Таких надписей на стенах зданий было множество. Прославляя героев, они служили своеобразными реляциями их побед и подвигов и вместе с тем ориентирами, по которым можно было наглядно проследить боевой путь каждого подразделения. По рукам ходили также рукописные листовки, в которых кратко сообщалось о славных боевых делах однополчан. Издавались листовки и типографским способом. Во время боев в Тарнополе одна из них была посвящена опять-таки Алексею Французову, вторая — Наде Осиной, в других говорилось о героизме артиллеристов и минометчиков, саперов и снайперов. Это воодушевляло бойцов на беззаветно смелые действия: недаром говорится, что слово зовет, а пример ведет.

Вечером 11 марта фашистские контратаки следовали одна за другой. Мы отражали их с большим трудом, ценой значительных потерь.

На 1-ю стрелковую роту 1089-го полка навалились три «тигра» и два «фердинанда» в сопровождении большой группы пехоты. Командир роты старший лейтенант Б. Якунин, сосредоточив огонь всего стрелкового оружия по гитлеровским солдатам, выдвинул вперед нескольких [250] гранатометчиков. Им была поставлена задача не подпускать вплотную к траншее танки и самоходки врага. Злобно урча моторами, бронированные чудища двигались развернутой линией. Наткнувшись на частокол гранатных взрывов, некоторые попятились назад, сломав свой безукоризненный строй, но крайний «тигр» уже обошел фланг роты и начал утюжить окопы, в которых находились бойцы. И тогда на виду у всех Якунин вскочил на его броню, просунул пистолет в щель неприкрытого люка и застрелил гитлеровского механика-водителя. Вздрогнув, точно смертельно раненный зверь, танк осел задом в разрушенный окоп, уставив ствол пушки в дымное небо.

Старший лейтенант Якунин был тут же убит разрывом немецкого снаряда. Но воины роты, воодушевленные его подвигом, дрались с удвоенной силой и яростью...

Еще тяжелее пришлось 3-му батальону этого же полка. Гитлеровцам удалось окружить его. Но ни один воин и не помышлял о спасении, все дрались из последних сил с одной мыслью — удержать рубежи, щедро политые их кровью. И почти все полегли, как богатыри в былинной сече, устлав всю землю вокруг трупами захватчиков. Лишь небольшой горстке героев во главе с начальником штаба батальона лейтенантом Павловым удалось вырваться из смертельного кольца.

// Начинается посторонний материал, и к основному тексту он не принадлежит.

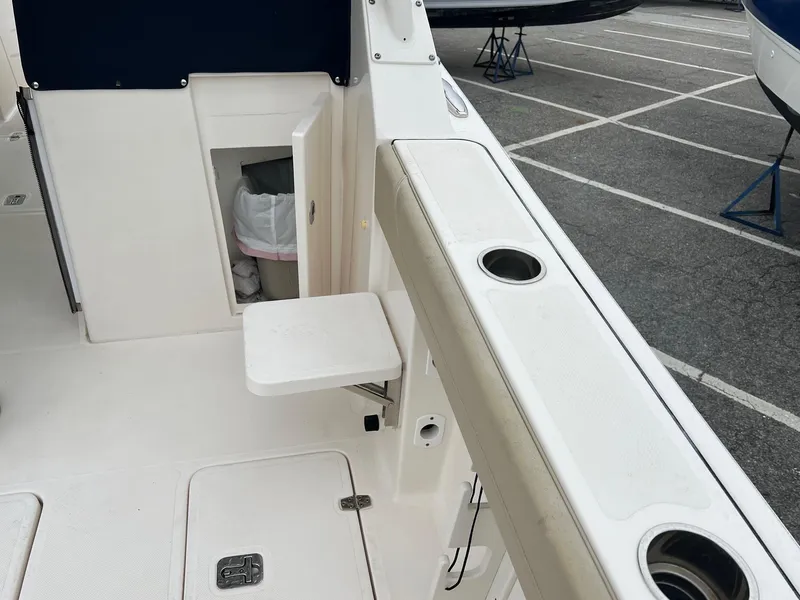 Slide: The Image of 2016 Pursuit 325 DC boat interior with storage compartment and cup holders. - 12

В эти критические для нас часы отважно сражались в городе бойцы истребительно-противотанкового дивизиона. На 2-ю их батарею насело восемь тяжелых танков и пехотная рота. Артиллеристы вступили в единоборство с врагом и в течение получаса уничтожили два танка и три бронетранспортера. При повторной контратаке гитлеровцы вновь недосчитались двух танков и большого количества солдат. Наводчик Порфирий Шелудько, оставшись у орудия в единственном числе, уничтожил два пулеметных расчета врага и очень удачно влепил снаряд прямо в борт «тигру». Уже будучи раненным, он в рукопашной застрелил из пистолета несколько гитлеровцев.

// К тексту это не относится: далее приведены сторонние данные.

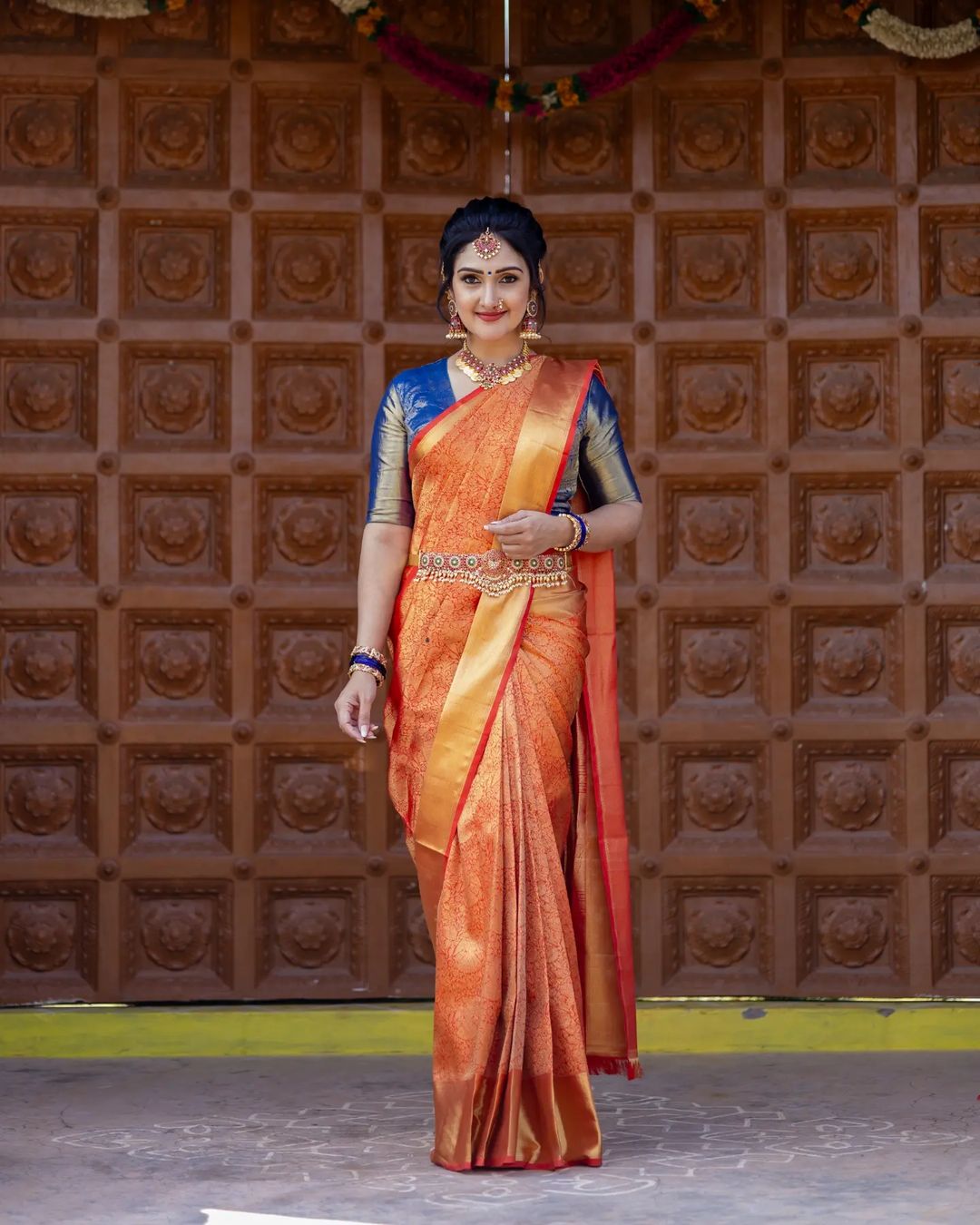 Telugu TV Actress Sridevi Vijaykumar Images in Orange Saree Blue Blouse 5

Младший сержант Иван Власкин, наводчик этой же батареи, уничтожил два пулемета и рассеял до взвода немецких автоматчиков. Раненный в голову, он отказался покинуть огневую позицию и продолжал бить прямой наводкой по бронемашинам врага. От его снарядов загорелась направляющая машина, потом вспыхнула еще одна. В этот момент Власкин почувствовал резкую боль и [251] чуть не потерял сознание: он был ранен во второй и третий раз. И все же, когда контратака была наконец отбита, сержанта удалось отправить в санроту лишь по приказу командира батареи — добровольно уйти он не захотел.

Иптаповцы отважно громили даже и такие цели врага, которые во много раз превосходили их мощью огня.

По железнодорожной ветке взад-вперед курсировал по городу немецкий бронепоезд. Он непрерывно обстреливал позиции нашей артиллерии, посылал снаряд за снарядом в стрелковые цепи. Я приказал вывести бронепоезд из строя. Сделать это поручили командиру «сорокапятки» старшему сержанту Носову. Не мешкая, тот отыскал скрытые подходы к железнодорожной насыпи, выбрал хорошо замаскированную позицию и выкатил на нее через проломы в стенах зданий свою пушку.

Через несколько минут из-за поворота вынырнул бронепоезд. Носов аккуратно прицелился и самолично послал в него первый бронебойный снаряд. Потом по этой громоздкой, ощетинившейся стволами орудий и пулеметов цели открыл ураганный огонь его расчет. Попадания были точными — на закованных в сталь платформах прогремели гулкие взрывы.

Прислуга бронепоезда всполошилась — никто не смог засечь, откуда по ним стреляют. Тем временем очередной снаряд угодил прямо в паровоз. Тот дернулся раз-другой, затем стал и тревожно загудел. На помощь на всех парах примчался второй бронепоезд. Открыв шквальный заградительный огонь, он взял на буксир покалеченного «коллегу» и уволок на станцию, снова находившуюся в руках немцев. Так малокалиберная советская пушка осилила в этой короткой дуэли тяжелую бронированную батарею врага.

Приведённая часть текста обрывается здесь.